The psoriasis market is set to rise from $6.6 billion in 2014 to over $13.3 billion by 2024 at a compound annual growth rate of 7.3 per cent, according to research and consulting firm GlobalData.
The company’s latest report states that this impressive growth will be driven by the launch of novel psoriasis products, uptake of biosimilars for currently marketed biologics, and the expansion of existing psoriasis therapies such as dimethyl fumarate from Germany into the US and major European markets.
Nikhilesh Sanyal, Ph.D., GlobalData’s analyst covering immunology, explains, “Although the psoriasis market will be crowded, novel products such as Eli Lilly’s anti-interleukin(IL)-17 drug, ixekizumab, and Johnson & Johnson’s (J&J’s) IL-23 inhibitor, guselkumab, are expected to achieve sales in excess of $1 billion each by the end of the forecast period, primarily due to their high clinical efficacy and safety profiles.

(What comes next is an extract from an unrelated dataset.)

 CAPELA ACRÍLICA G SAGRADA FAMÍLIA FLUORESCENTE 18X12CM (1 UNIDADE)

“Other pipeline therapies with exceptional efficacy and safety credentials include Merck’s tildrakizumab and AstraZeneca/Valeant’s brodalumab, which will go a long way towards addressing the current need for therapies that can provide long-lasting results without side effects or an increased risk of comorbidities.”

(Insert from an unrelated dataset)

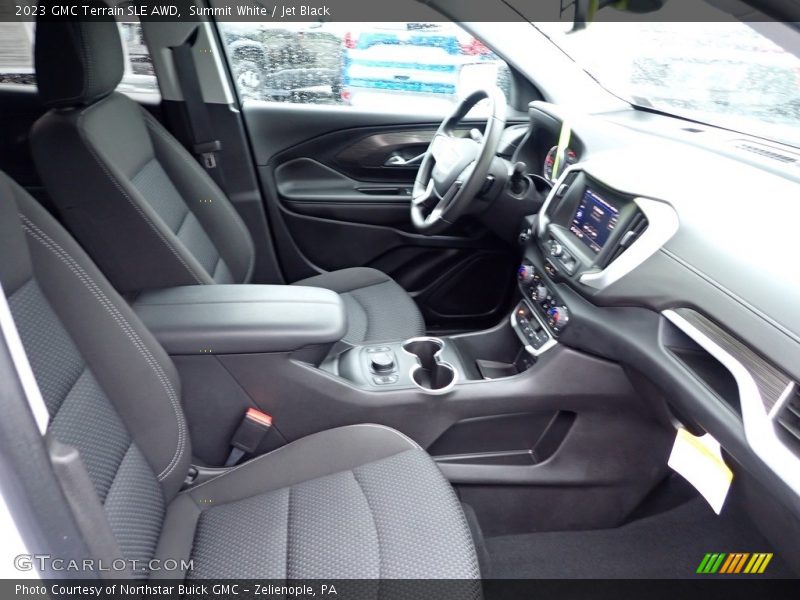 Summit White / Jet Black 2023 GMC Terrain SLE AWD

Despite the clear advantages of these biologics, biosimilars will have a substantial presence within the market, due to their lower price. These treatments first emerged in 2014 after the loss of patent protection for J&J’s Remicade (infliximab), and will continue to enter the market over forecast period.
Sanyal adds, “AbbVie and Amgen are expected to lose some market share as their respective psoriasis products, Humira (adalimumab) and Enbrel (etanercept), will go off patent early in the forecast period.
“With many options currently available and additional therapies arriving in the market over the next few years, along with a constant need for reduced drug costs, GlobalData believes that further new entrants will find it difficult to distinguish themselves enough to enter the psoriasis therapy space.”